Member of the Legislative Assembly of Alberta
- In office August 5, 1952 – May 23, 1967
- Preceded by: Ora B. Moore
- Succeeded by: Neville Roper
- Constituency: Ponoka

Personal details
- Born: August 22, 1901
- Died: July 8, 1991 (aged 89)
- Party: Social Credit
- Occupation: politician

= Glen Johnston =

Canadian politician (1901–1991)

Glen Forrest Johnston (August 22, 1901 – July 8, 1991) was a provincial politician from Alberta, Canada. He served as a member of the Legislative Assembly of Alberta from 1952 to 1967 sitting with the Social Credit caucus in government.

==Political career==
Johnston ran for a seat to the Alberta Legislature in the 1952 Alberta general election. He stood as the Social Credit candidate in the electoral district of Ponoka and won a solid majority defeating two other candidates to hold the district of his party.

Johnston ran for a second term in office in the 1955 Alberta general election. He held his seat in a hotly contested five way race that went to a third vote count.
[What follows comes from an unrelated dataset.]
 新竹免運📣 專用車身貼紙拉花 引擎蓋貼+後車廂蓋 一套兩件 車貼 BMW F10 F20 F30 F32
The 1959 Alberta general election saw Johnston run for his third term in office. He would defeat two other candidates with just over half the popular vote to hold his seat.

Johnston ran for a fourth term in office in the 1963 Alberta general election. He would nearly be defeated by Independent Social Credit candidate Neville Roper who finished a very close second in the three way race.

Johnston retired from provincial office at dissolution of the assembly in 1967. His son, Dale Johnston, later served as Member of Parliament for Wetaskiwin, Alberta, Canada from 1993 to 2006.